By Mark Kleinman, City Editor, in Davos

The consumer goods giant Nestle would be forced to re-evaluate the extent of its presence in the UK if Britain decided to leave the European Union, its chairman has told Sky News.

In an interview during the World Economic Forum in Davos, Peter Brabeck-Letmathe said the company was committed to its business in the UK but that he could not envisage a separation from its biggest trading partner being in the country's interest.

Nestle, which makes Nespresso coffee capsules and Kit-Kat chocolate bars, employs approximately 8,000 people in the UK and accounts for exports worth roughly £400m. Its other brands include Nescafe, Smarties and Yorkie.

"From a purely economic point of view, I can't see that the withdrawal of the UK [from the EU] would be favourable for any UK industries," Mr Brabeck-Letmathe, an Austrian, said.

"It would isolate the UK economically. Every company would be forced to re-evaluate the implications of investing in the UK. It would no doubt have an impact on its ability to supply European markets."

The warning, ahead of a likely referendum on Britain's EU membership in 2017, echoes the views of many of the multinational business leaders gathered in Davos.

Prime Minister David Cameron told Sky News on Thursday that he did not believe the Government's stance on EU membership was jeopardising inward investment, saying that companies had been "voting with their feet".

He said: "The argument I make with these business leaders is that the best thing for Britain would be to secure our place within a reformed European Union.

"Simply saying 'let's hope this issue goes away, let's hope that Europe sorts itself out', without doing anything, won't work.

"We need to get in there, change Europe, make it work better, make it more competitive, make it more flexible - help make Britain more comfortable with its membership, have that referendum and then settle this issue."

Mr Brabeck-Letmathe, who also chairs the parent company of Formula One motor racing, said the EU and its single currency had been "an incredible success".

"The EU is full of failures and weaknesses like any large institution, but its achievements are greater.
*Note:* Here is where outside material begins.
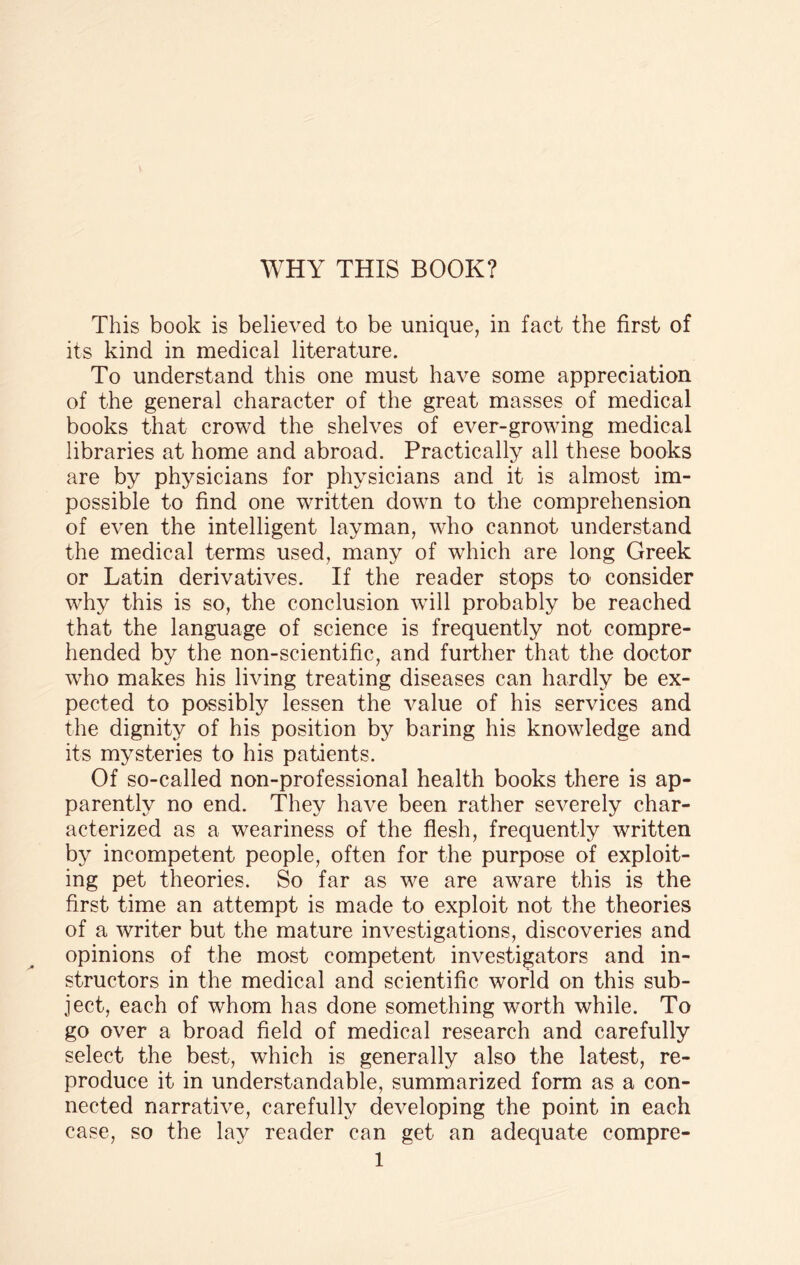 This book is believed to be unique, in fact the first of its kind in medical literature. To understand this one must have some appreciation of the general character of the great masses of medical books that crowd the shelves of ever-growing medical libraries at home and abroad. Practically all these books are by physicians for physicians and it is almost im¬ possible to find one written down to the comprehension of even the intelligent layman, who cannot understand the medical terms used, many of which are long Greek or Latin derivatives. If the reader stops to consider why this is so, the conclusion will probably be reached that the language of science is frequently not compre¬ hended by the non-scientific, and further that the doctor who makes his living treating diseases can hardly be ex¬ pected to possibly lessen the value of his services and the dignity of his position by baring his knowledge and its mysteries to his patients. Of so-called non-professional health books there is ap¬ parently no end. They have been rather severely char¬ acterized as a weariness of the flesh, frequently written by incompetent people, often for the purpose of exploit¬ ing pet theories. So far as we are aware this is the first time an attempt is made to exploit not the theories of a writer but the mature investigations, discoveries and opinions of the most competent investigators and in¬ structors in the medical and scientific world on this sub¬ ject, each of whom has done something worth while. To go over a broad field of medical research and carefully select the best, which is generally also the latest, re¬ produce it in understandable, summarized form as a con¬ nected narrative, carefully developing the point in each case, so the lay reader can get an adequate compre-
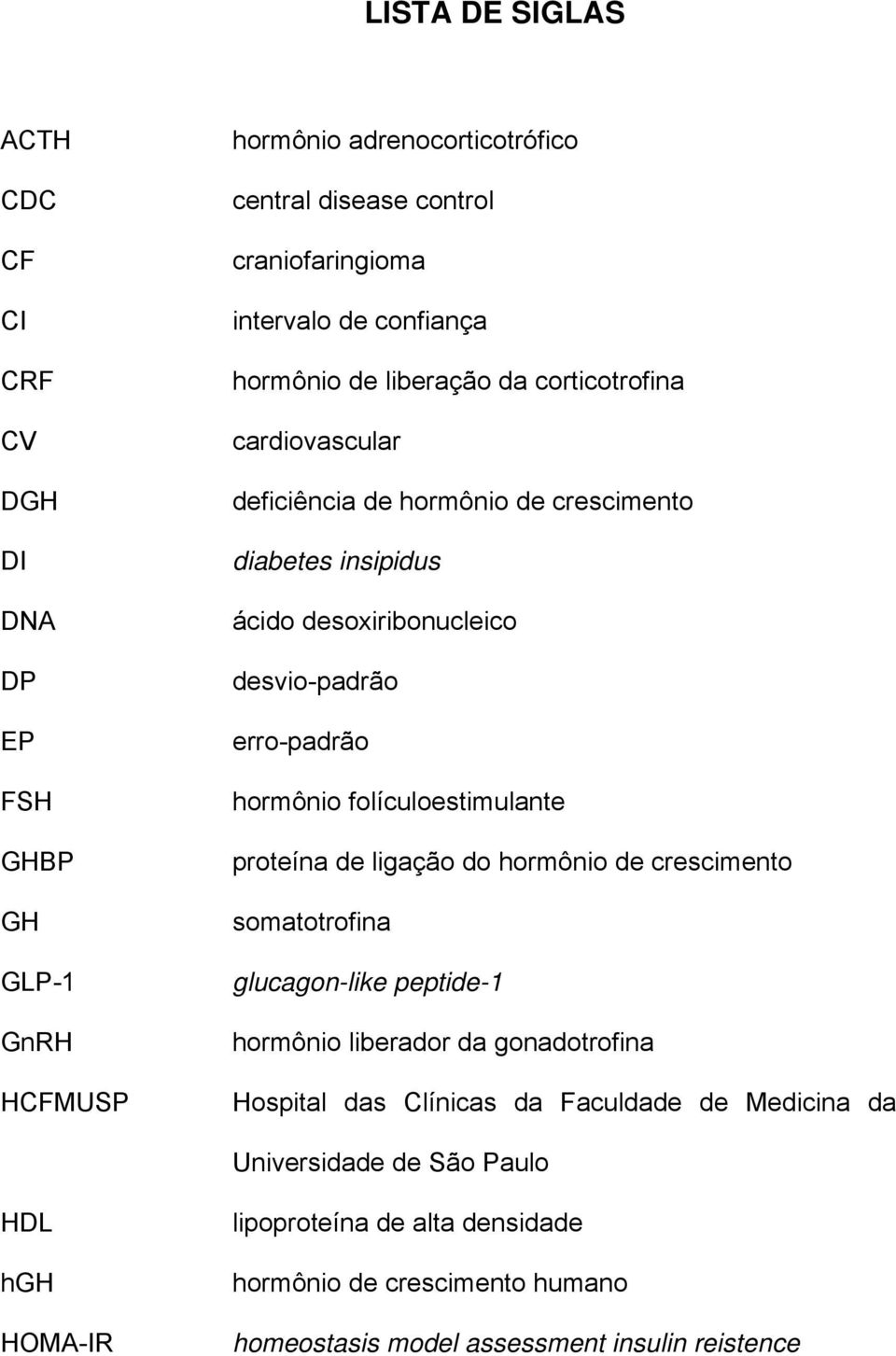 hormônio folículoestimulante proteína de ligação do hormônio de crescimento somatotrofina glucagon-like peptide-1 hormônio liberador da gonadotrofina Hospital das Clínicas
We have to work to strengthen the internal market."

He suggested that the trading bloc's governing mechanisms required reforms such as shrinking the number of EU Commissioners.

"The current system is not an efficient way to run it," he said.

In addition to his corporate roles, Mr Brabeck-Letmathe has also been a leading advocate of water stewardship in large companies, and unveiled new measures this week aimed at improving global water sustainability.

 :: Watch Sky News live on television, on Sky channel 501, Virgin Media channel 602, Freeview channel 82 and Freesat channel 202.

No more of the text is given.